1

Are there any existing algorithms/strategies to test if an integer value is within the bounds of any of a list of intervals, where each interval is denoted by a [min, max] pair?

The naive approach is very straightforward, but has O(intervals) test performance:

list intervals (min, max)

func testVal(val){
  foreach (interval(min, max) in intervals)
    if (val > max) || (val < min) return false      
  return true
}

In the problem I'm facing the list is not updated frequently, but it is tested against with very high frequency.

Thus, it's acceptable for updating the list to be expensive, but tests need to be sublinear, ideally constant time.

One option is to insert every value in the intervals into a hashtable, but this is memory-intensive and not practical when the intervals get large.
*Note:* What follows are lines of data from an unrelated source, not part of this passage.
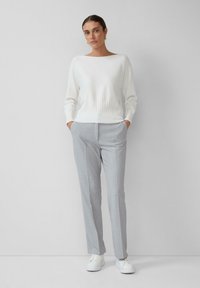 Pull en tricot blanc avec une texture côtelée, associé à un pantalon taillé gris clair et des baskets blanches. Design minimaliste, coupe décontractée.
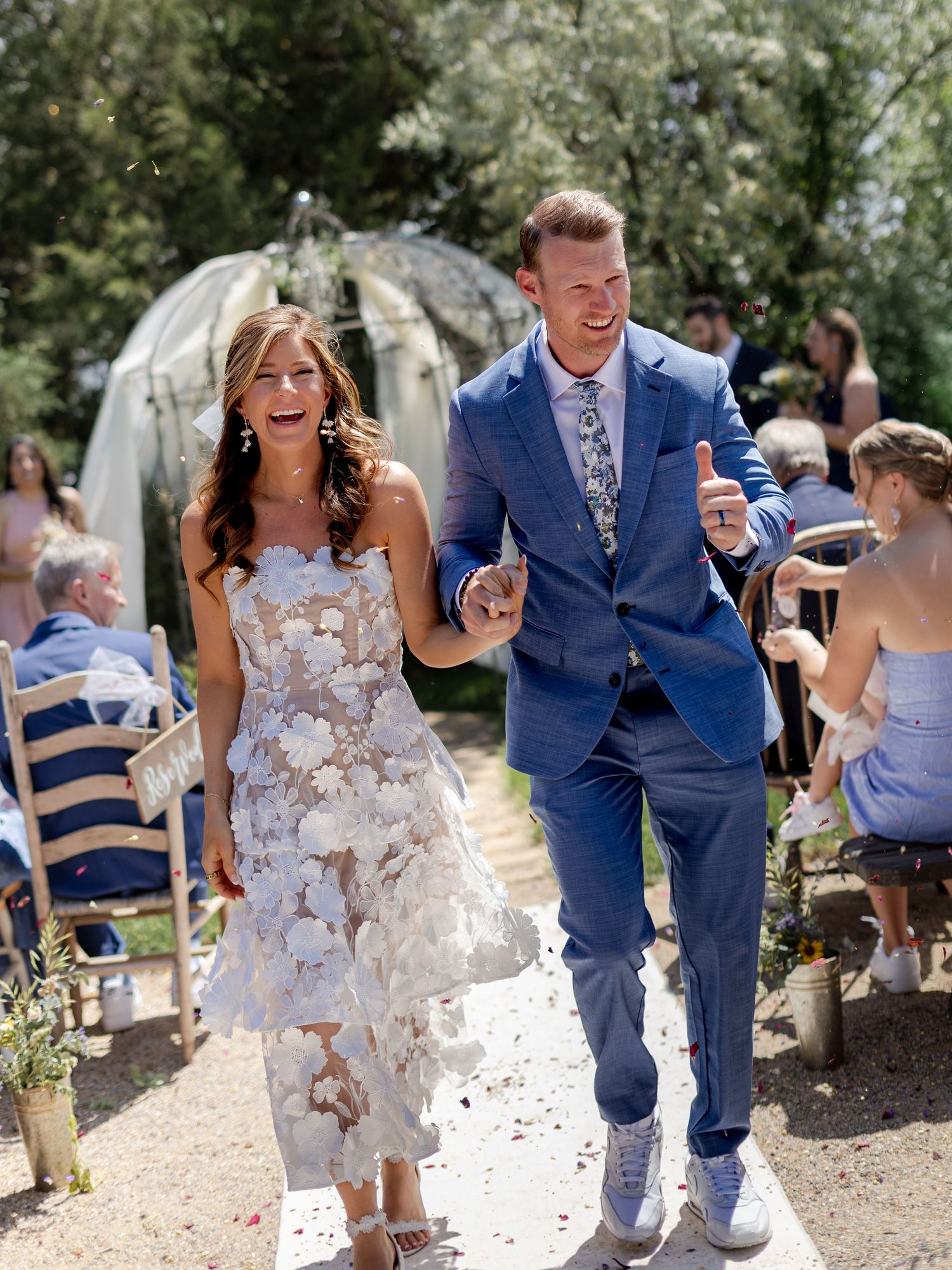 Joyful newlyweds walk down outdoor aisle, bride in floral white dress, groom in blue suit, guests tossing confetti.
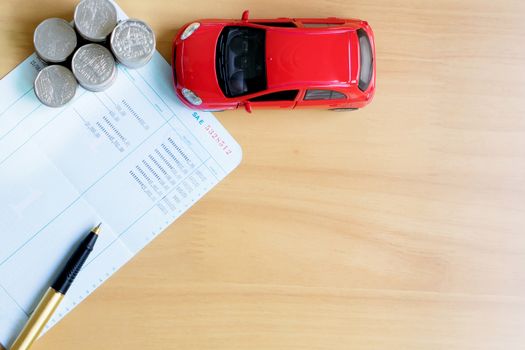 Coins stack in columns, saving book, car. Finance and banking concept.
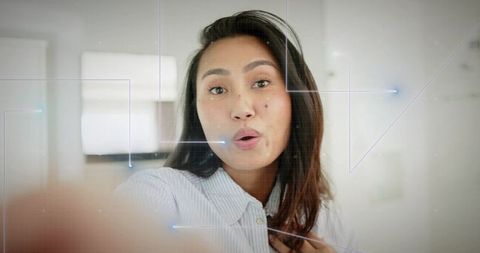 Mid adult asian woman speaking and touching shirt while recording smartphone selfie closeup portrait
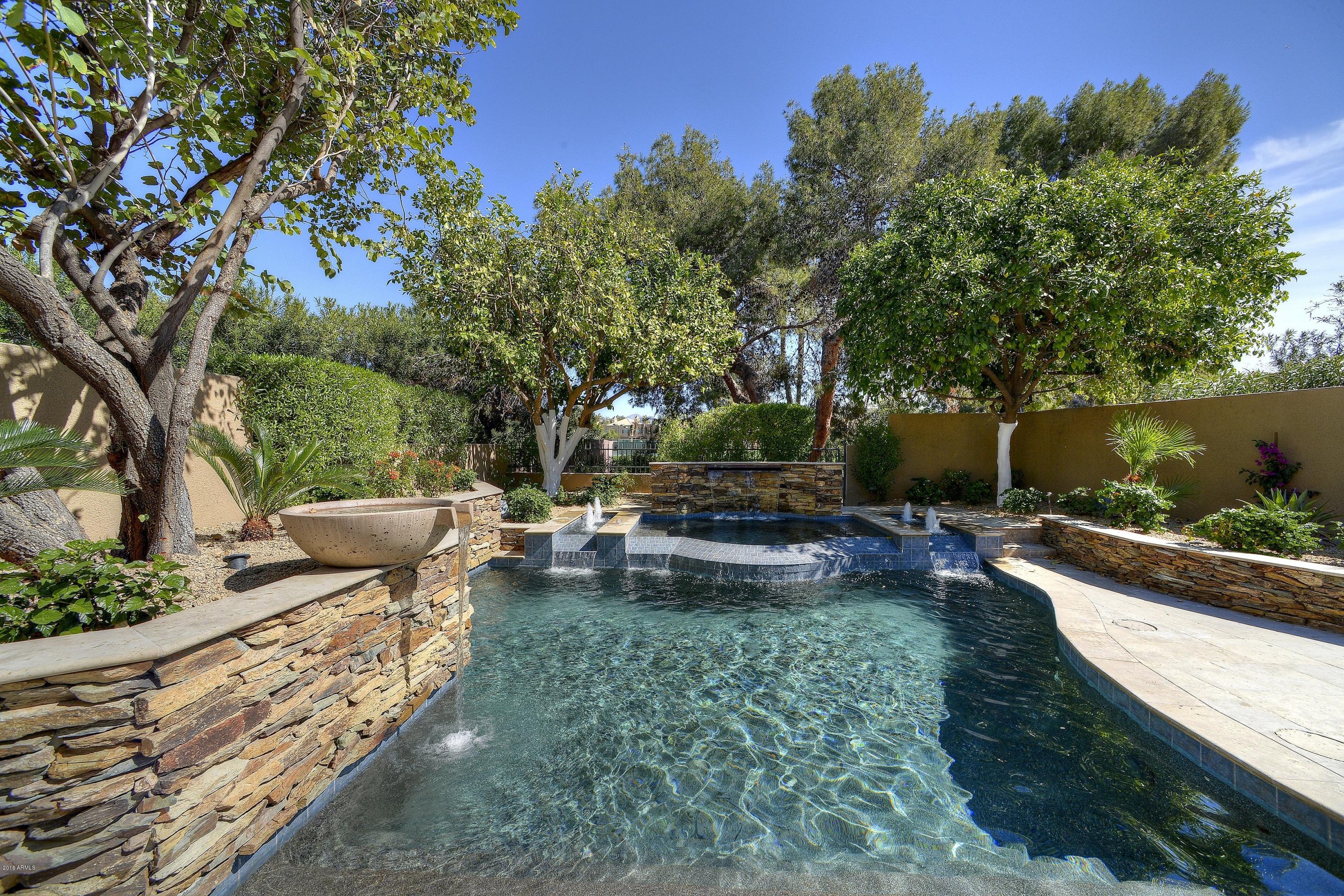 7740 East Gainey Ranch Road, Unit 58 Scottsdale, AZ 85258 - Photo 17 of 27 a view of a backyard with couches and potted plants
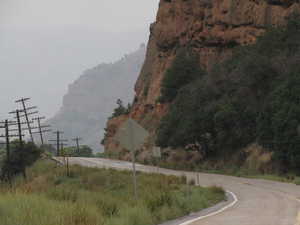 View of asphalt road with traffic signs and a mountain view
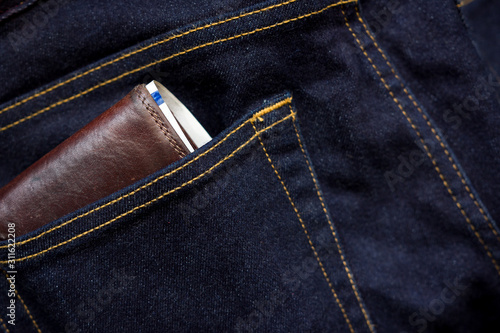 Wallet and usd banknote showing in back pocket of jeans. Selective focus on the edge of the wallet.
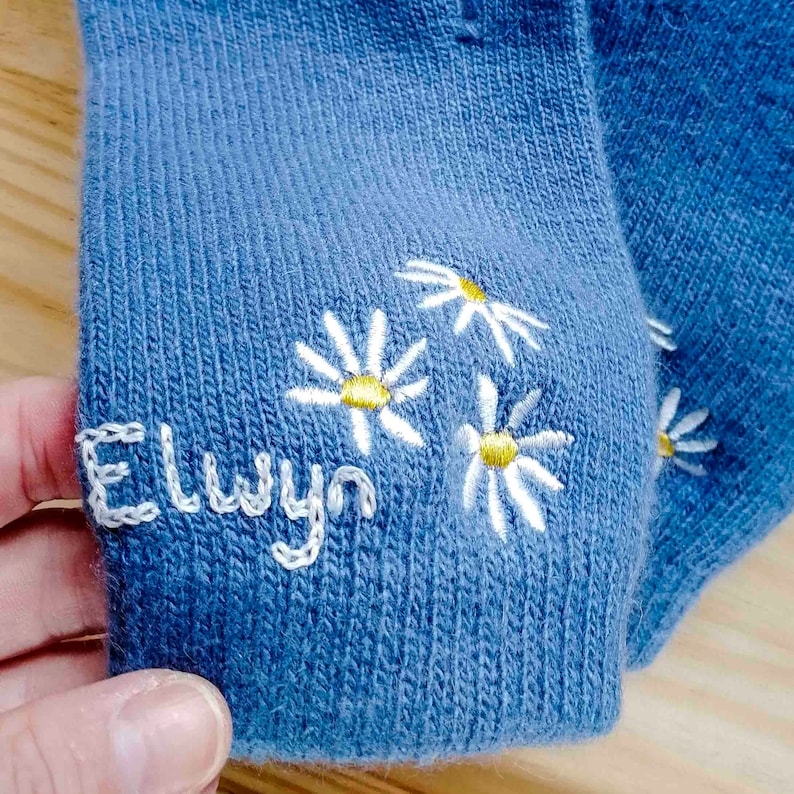 K&ouml;nnte beinhalten: Blaue Socken mit wei&szlig;en gestickten G&auml;nsebl&uuml;mchen und dem Namen "Elwyn" auf der Ferse.
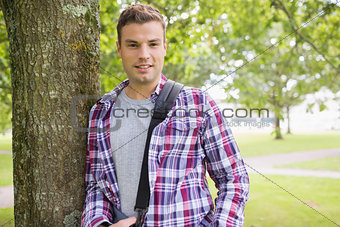 Handsome young student leaning on tree looking at camera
Memory usage needs to be proportional to the number of intervals, not the sum of the sizes of the intervals (probably ok to have a log(n) memory usage term thrown in if it greatly aids performance).

I've started poking around with various tree-based options to make this better, but it feels like a general enough problem that I suspect there is preexisting work I should be referencing. Are there any existing solutions to get sublinear tests (ideally constant time) on a list of intervals by preprocessing them into some other datastructure(s)?

Techrocket9
  • 163
  • 9

2 Answers2

1

Here's my thought process on this problem:

  • If you only care about "in or out", you can reduce the list of intervals so that no intervals overlap, and the intervals are in sorted order.
    • Sorting by leftmost point takes $O(n \log n)$, then replacing any overlapping pairs with their union takes $O(n)$. But you've said you don't care how long this part takes.
  • For a given point and a given interval, you can determine whether the point is "outside to the left", "inside", or "outside to the right" in $O(1)$.
    • This assumption only works as long as you have a fixed word length, but that's generally true for all practical purposes.
    • Let's change the terms: "outside to the left" is "less than", "inside" is "equal to", and "outside to the right" is "greater than".
  • Now you can use standard binary search!
    • Since each comparison is $O(1)$, the total time is $O(\log n)$.

And voilĂ , each check takes only logarithmic time! Setting up the list in the first place takes $O(n \log n)$, and adding a new interval to the list later takes $O(n)$ in the worst case.

Draconis
  • 7,216
  • 1
  • 19
  • 28
1

You need an interval tree, which queries in O (logn + m) time, where $m$ is the number of intervals the point hits (as opposed to O (n) for n intervals in the data structure).

This should produce enough savings that you'll hardly notice the cost of $m$.

This output sensitive algorithm is likely the best you can do. The other answer suggests this structure without name, with the additional step of making all intervals disjoint to get log$n$ ($m$ guaranteed to be 1) That's fine, but I'd still use an established data structure.